Il aura fallu attendre 2007 ans !

A Bethléem aujourd’hui, « maison du pain » en hébreu, il n’y aura donc plus ce problème rencontré il y a si longtemps, ce 20 décembre de l’an 1, pour loger une famille pauvre, avec une femme bien près d’accoucher de surcroît ! A l’époque, plus la moindre petite chambre libre dans le village. Seulement une étable et encore : entre deux animaux. En 2007, une lueur d’espoir était née à San Francisco, chez deux jeunes pauvres designers. Ils se demandaient comment payer leur loyer, qui venait d’augmenter de 25% : allaient-ils être délogés ? Mais, en 2007 aussi, comme en cette fin de l’an 1, les hôtels étaient pleins : pas parce que l’Empereur Auguste obligeait chacun à se faire enregistrer dans son lieu de naissance, mais à cause d’un congrès de designers.

Craignant l’étable ou équivalent, nos deux jeunes californiens dans le besoin transforment en « chambre » une pièce inutilisée. Ils proposent un lit gonflable (Air bed), avec petit déjeuner (bed and breakfast, bnb), à deux autres designers qui cherchaient désespérément où dormir. Soulagés et logés, ces deux-ci payent sans problème à ces deux-là. Voilà tout le monde content ! Mais l’histoire ne s’arrête pas là : le 10 décembre 2020, nos deux compères, décidément débrouillards, plus un jeune informaticien bien utile à l’époque pour structurer et propager leur  idée, la voient cotée 100 milliards de dollars pour son entrée en bourse. Comme quoi, depuis Bethléem, la multiplication des dollars est bien plus véloce que celle des pains. Un miracle ?
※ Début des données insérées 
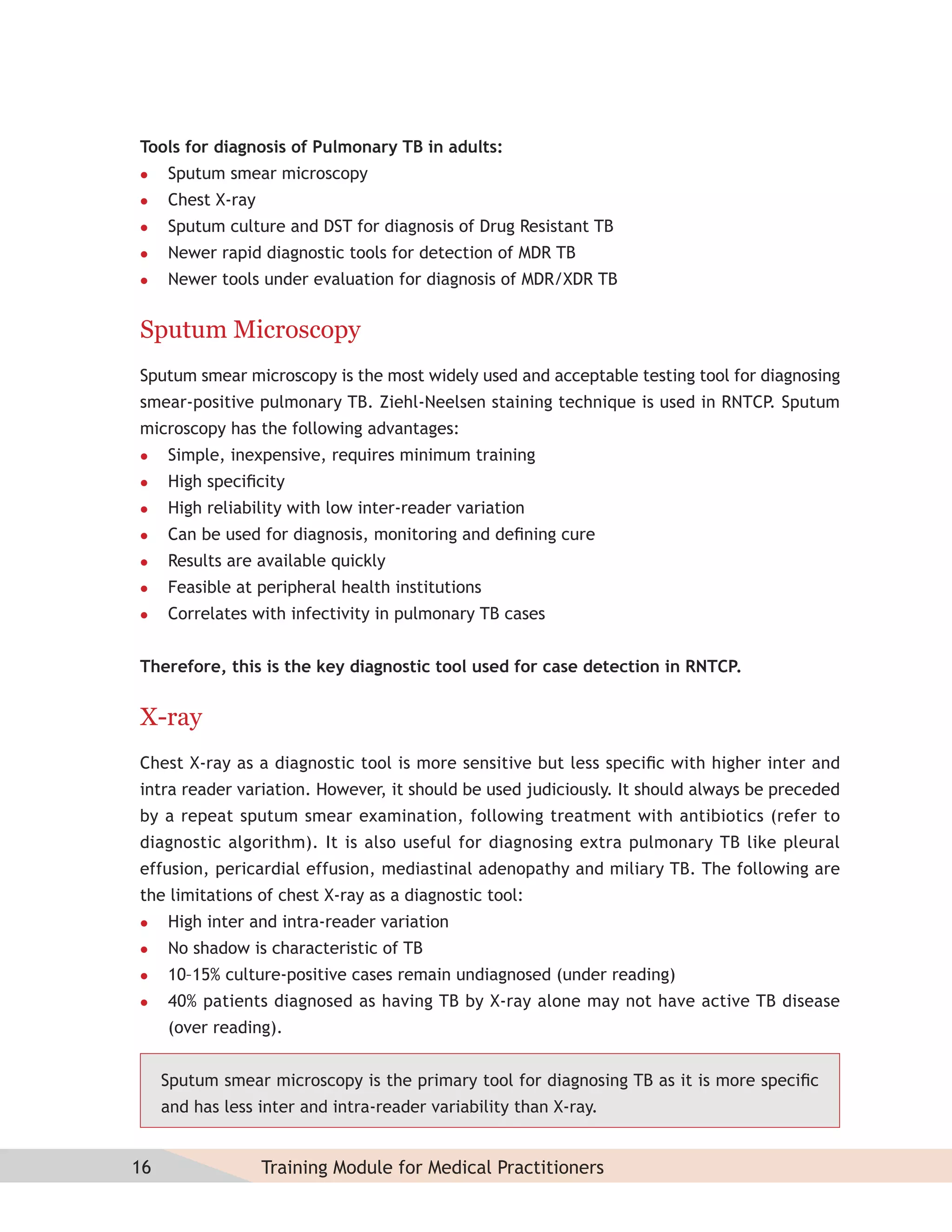 Tools for diagnosis of Pulmonary TB in adults:
    Sputum smear microscopy
    Chest X-ray
    Sputum culture and DST for diagnosis of Drug Resistant TB
    Newer rapid diagnostic tools for detection of MDR TB
    Newer tools under evaluation for diagnosis of MDR/XDR TB


Sputum Microscopy
Sputum smear microscopy is the most widely used and acceptable testing tool for diagnosing
smear-positive pulmonary TB. Ziehl-Neelsen staining technique is used in RNTCP. Sputum
microscopy has the following advantages:
    Simple, inexpensive, requires minimum training
    High speciﬁcity
    High reliability with low inter-reader variation
    Can be used for diagnosis, monitoring and deﬁning cure
    Results are available quickly
    Feasible at peripheral health institutions
    Correlates with infectivity in pulmonary TB cases


Therefore, this is the key diagnostic tool used for case detection in RNTCP.


X-ray
Chest X-ray as a diagnostic tool is more sensitive but less speciﬁc with higher inter and
intra reader variation. However, it should be used judiciously. It should always be preceded
by a repeat sputum smear examination, following treatment with antibiotics (refer to
diagnostic algorithm). It is also useful for diagnosing extra pulmonary TB like pleural
effusion, pericardial effusion, mediastinal adenopathy and miliary TB. The following are
the limitations of chest X-ray as a diagnostic tool:
    High inter and intra-reader variation
    No shadow is characteristic of TB
    10–15% culture-positive cases remain undiagnosed (under reading)
    40% patients diagnosed as having TB by X-ray alone may not have active TB disease
     (over reading).


     Sputum smear microscopy is the primary tool for diagnosing TB as it is more speciﬁc
     and has less inter and intra-reader variability than X-ray.


16                 Training Module for Medical Practitioners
L’effet d’une grande peur plutôt, que l’on essaie aujourd’hui de conjurer sous un déluge de milliards de dollars, parce qu’il faut tout faire pour éviter l’effondrement économique et social qui menace les États-Unis. Il menace à cause du COVID-19 et des peurs qu’il suscite. Peurs d’être malade, contaminé, de contaminer, de mourir. Alors, finis les achats dans les petites surfaces, les voyages, les restaurants ou les cinémas. Au « métro-boulot-dodo » succède : « téléboulot-téléachat-télétravail-télé-dodo ». Mais ceci vaut pour ceux qui ont un boulot, car le COVID tue et rend malade certes, mais détruit plus encore d’emplois, aujourd’hui et surtout demain, particulièrement parmi les plus précaires. Il inquiète le ménage, qui épargnera plus et l’entrepreneur, qui attendra pour investir et embaucher. Les voilà, les séquelles économiques et sociales du mal actuel, avec leur cortège d’insatisfactions, de manifestations et de violences. Financer c’est donc calmer, le temps que des solutions nouvelles arrivent et se répandent.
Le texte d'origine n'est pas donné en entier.